Le populisme s’installa progressivement en Tunisie , encouragé par les tendances fascisantes qui existaient préalablement dans la société et qui se manifestèrent avec plus d’acuité et moins de pudeur d’abord avec Abir Moussi, ensuite avec Kaïs Saied.
Tous les ingrédients nécessaires pour façonner une opinion publique rétive à la démocratie et prête à renouer avec le passé tyrannique furent conviés au débat : rejet de l’autre, haine de l’autre, mépris de l’autre, extériorisation indécente d’une violence refoulée mais qui devint babillarde avec l’accession à la magistrature suprême de Kaïs Saied, fort d’un vote plébiscitaire dont il ne comprit ni sens ni portée mais qui va accroitre la propension de l’homme à vouloir écarter tous ses rivaux à l’égard desquels il éprouvait répulsion et mépris, tous sans exception.
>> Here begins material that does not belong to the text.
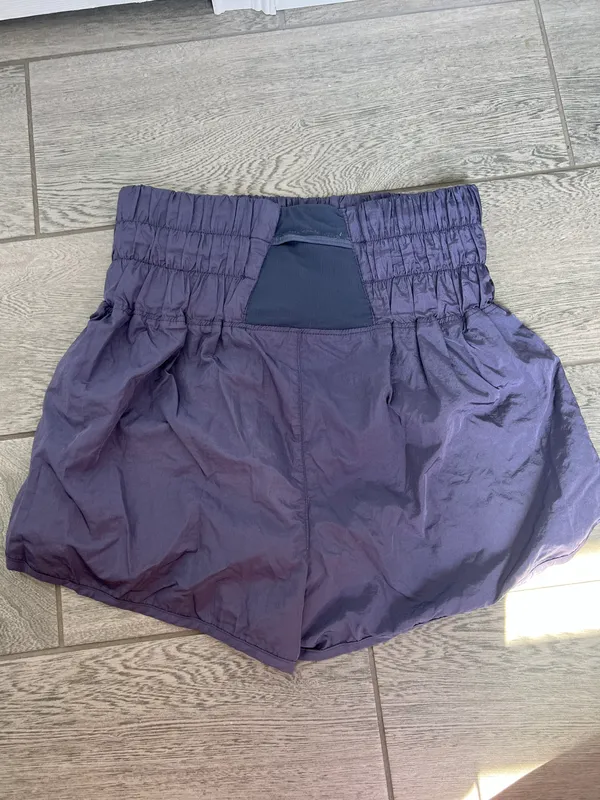 Free People Movement The Way Home Shorts - Image 2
Chose étrange, bien que le personnage soit folklorique dans son attitude souvent grotesque et pathétique dans ses discours à la Mussolini fondés sur l’invective, le dénigrement et l’insulte, il vit sa popularité monter en flèche à cause justement de cette arrogance qu’il affichait à l’égard de toute la classe politique , devenue cette proie qui recueillait quotidiennement ses quolibets et dont il se saisissait à chaque occasion pour l’avilir davantage.
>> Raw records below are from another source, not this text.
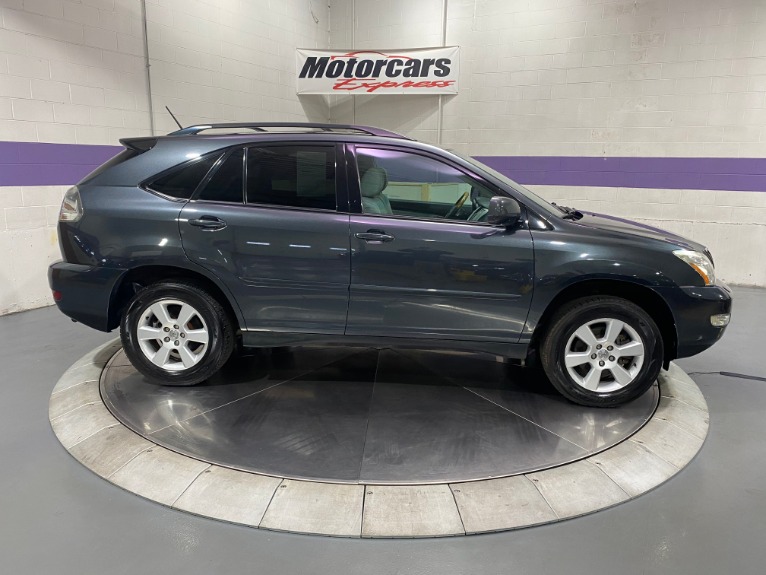 Used-2005-Lexus-RX-330-AWD
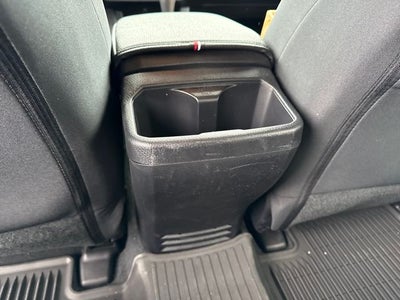 2022 Toyota Tacoma TRD Off-Road V6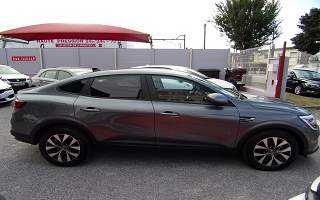 RENAULT  ARKANA ARKANA E-TECH 145 BVA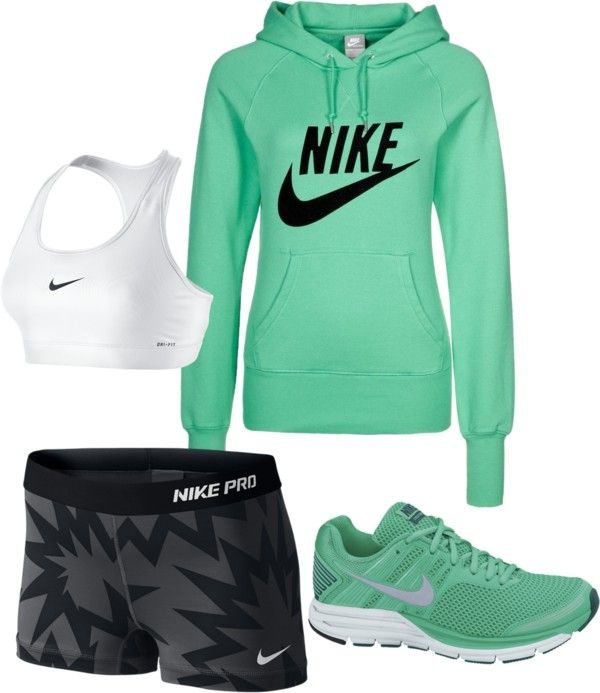 Nike Sportswear,clothing,green,sleeve,outerwear,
Il usait de ce ton hautain et de ce verbiage beaucoup plus proche du borborygme que du raisonnement sain et cohérent pour asseoir son autorité et affaiblir ses adversaires. Ces procédés toujours clivants avaient l’heur de plaire aux fascistes refoulés, pour la plupart issus de la haute , moyenne et petite bourgeoisie, résidents des quartiers cossus, francophiles et en rupture de ban avec une démocratisation de la société qu’ils peinaient à concevoir car elle risquait de leur ôter les privilèges qu’ils avaient à l’époque où ils formaient le cénacle des courtisans de Ben Ali.
Ceux-là avaient une dent contre la révolution sur laquelle ils versaient abondamment leur fiel, l’associant tantôt à la révolution des gueux et des misérables, tantôt à celle des « terroristes islamistes » des « daechiens » venus coloniser « leur pays »…
Oui, leur mode de vie occidental était , selon eux, en danger et il fallait en découdre avec cette « horde sauvage » étrangère aux « mœurs » de la Tunisie qui avait ignoré pendant des décennies l’autre Tunisie, celle des régions pauvres, maltraitées et domestiquées par les régions riches et apprivoisées par la dictature.
La Tunisie des « gueux » était vilipendée et on lui reprochait de s’être décomplexée vis-à-vis des maitres et seigneurs du pays.
Ce que ces tunisiens espèrent, sans se l’avouer , car c’est moralement malsain, c’est que Saied ramène de l’ordre à la maison et qu’il soit assez implacable dans son combat contre « ces intrus » , ces êtres bizarres et incommodes , mal habillés et mal rasés, à l’accent étrange et aux comportements suspects , qui ont envahi les rues de leur « belle Tunisie » et qui ont souillé son image de marque. Oui, ils sont moins Tunisiens qu’eux et en usant à leur égard d’épithètes dégradantes, ils cherchent à les dépouiller de leur citoyenneté , revendiquant et légitimant ainsi leur droit de les bannir de la société et de pratiquer, si l’occasion se présente, des pogroms.
Le fait d’avilir constamment une personne rend possible tous les excès et toutes les cruautés, la morale s’abstient alors de juger un mal, qui en se répandant, devient anodin.
La différence, c’est que Zemmour en veut uniquement aux étrangers et principalement les arabes et les musulmans, alors qu’eux en veulent à leurs concitoyens…différence qui peut le rendre inéligible en Tunisie , il reste quand même un petit espoir…si ces tunisiens pouvaient voter en France, ils choisiraient Zemmour , car plus c’est abject, plus c’est fasciste, plus c’est violent, plus c’est viril…plus ils apprécient cela.
Oui, il existe de ces laideurs morales dont on ne s’aperçoit pas et que l’on répugne à reconnaitre comme siens…comme la plupart des vices !!!